Artigo 32º - Validade

(redação dada pela 1.ª alteração publicada no Diário da Republica 2ª Série do Diário da República n.º 114 de 17 de junho de 2014)

 

Secção III - Do Selo de Comerciante

Artigo 33º - Da Qualidade de Comerciante

  1. O direito à aquisição do selo de comerciante só se constitui se o seu titular, para além do disposto no n.º 9 do artigo 4º, preencher cumulativamente os seguintes requisitos:

a)    Ser proprietário, adquirente com reserva de propriedade, locatário em regime de locação financeira ou aluguer ou usufrutuário de um veículo automóvel ligeiro de mercadorias associado ao exercício de uma atividade profissional com vínculo laboral;

b)    Ser titular de um direito de propriedade, uso ou ocupação do imóvel onde se localiza o estabelecimento comercial;

c)     Não ter estacionamento privativo ou garagem afeto ao imóvel referido na alínea anterior;

  1. A prova da qualidade de comerciante faz-se através da apresentação cumulativa de cópia dos seguintes documentos:

a)    Certidão da conservatória do registo comercial válida da qual conste a atividade comercial exercida ou comprovativo do exercício de atividade da categoria B do CIRS;

b)    Documento comprovativo da titularidade do direito de propriedade uso ou ocupação do imóvel onde se situa o estabelecimento comercial;

c)     Título de registo de propriedade, certificado de matrícula do veículo automóvel ligeiro de mercadorias, contrato que titula a aquisição com reserva de propriedade, contrato de locação financeira ou de aluguer de longa duração;

d)    Cartão de identificação fiscal do requerente;

e)    Cartão de cidadão ou bilhete de identidade do legal representante do requerente;

f)     Declaração justificativa de que a entrega e distribuição frequente de volumes de mercadorias são essenciais para atividade económica;

g)    Declaração sob compromisso de honra da inexistência de garagem ou estacionamento privativo afeta ao imóvel onde se situa o estabelecimento comercial ou, se se situa em edifício constituído em propriedade horizontal, declaração do condomínio no mesmo sentido.

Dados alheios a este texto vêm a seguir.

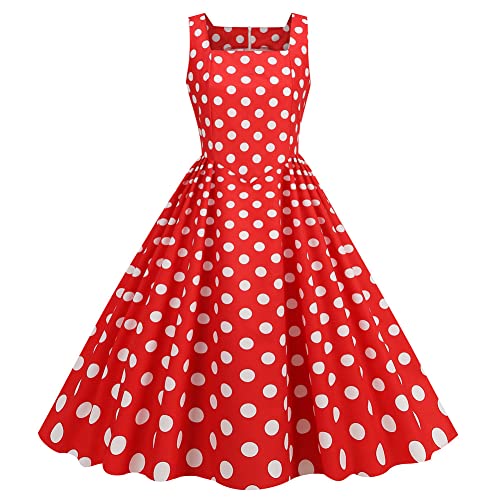 IWEMEK Damen 1950er Vintage Retro Rockabilly Swing Kleider mit Punkten 50er 60er Ärmellos Quadratischer Ausschnitt A-Linie Cocktailkleid Hochzeits Heimkehr Abendkleid Partykleid Rot XL von IWEMEK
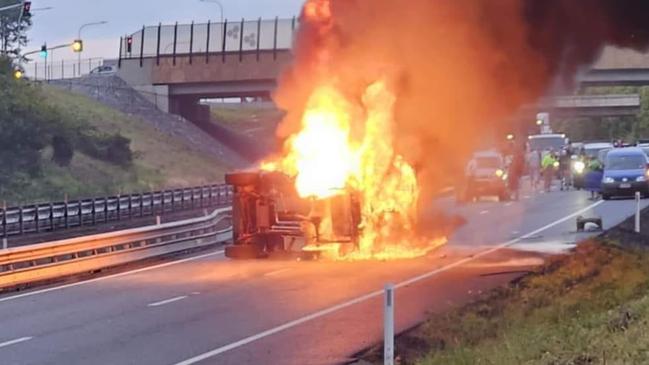 Two people were transported to Nambour Hospital on Saturday morning following a fiery crash on the Bruce Hwy. Picture: Facebook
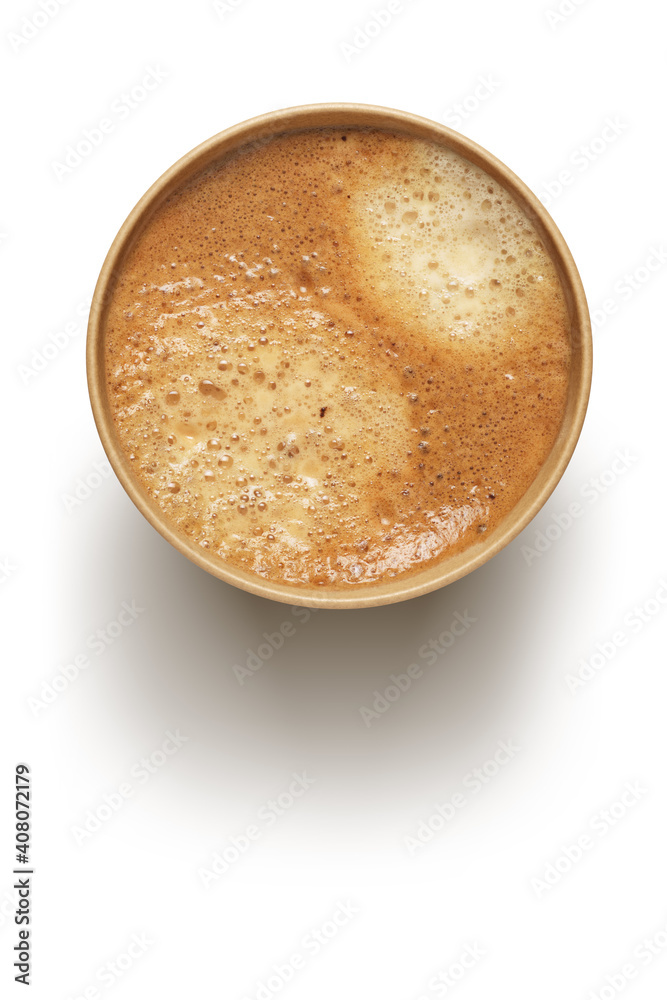 Full brown paper coffee cup isolated on white. Top view. Full brown paper coffee cup isolated on white. Top view.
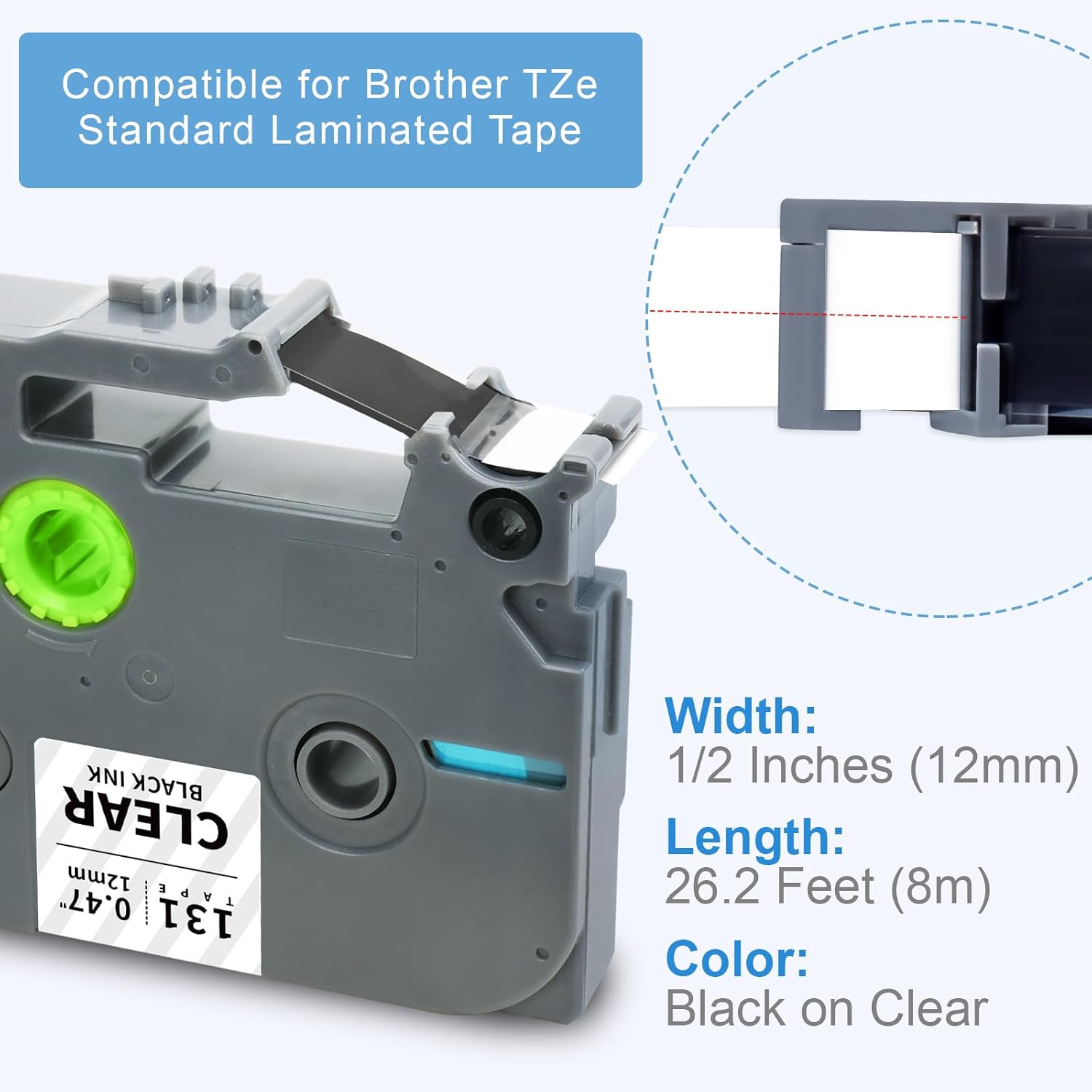 Absonic 6-Pack 12mm 0.47 Laminated Clear Tape Compatible for Brother TZe-131 TZe131 Label Tape 1/2 Tze Label Tape for Brother Ptouch PT-D210 PT-D220 PT-H111 PT-H100 PT-D400 Label Maker, Black on Clear - Image 2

  1. As falsas declarações ou informações e a falsificação de documentos determinam a responsabilidade criminal do infrator.

Artigo 34º - Selo de Comerciante

  1. A Câmara Municipal deliberará individualmente sobre cada requerimento de atribuição do selo de comerciante, podendo solicitar a prestação de esclarecimentos adicionais ou apresentação de outros documentos que considere relevantes.
  2. Cada comerciante que reúna as condições referidas no artigo anterior só poderá possuir um selo de comerciante.
  3. A atribuição do selo de comerciante para a respetiva ZE, confere a possibilidade de estacionar gratuitamente nos locais devidamente identificados como BM, ou de estacionamento livre.
  4. Os titulares de selo de comerciante cujo estabelecimento se situe em arruamento coincidente com limite de ZE poderão estacionar em qualquer dos lados do respetivo arruamento.
  5. O estacionamento referido no nº anterior não tem limite de tempo, salvo se previsto em normas específicas de zona.
  6. O selo de comerciante deve ser colocado no interior do veículo com o rosto para o exterior, junto do para-brisas, de modo a serem visíveis e legíveis as menções dele constante.
  7. Quando o selo de comerciante não estiver colocado da forma prevista no nº anterior, presume-se o não pagamento do estacionamento ou a não qualidade de comerciante.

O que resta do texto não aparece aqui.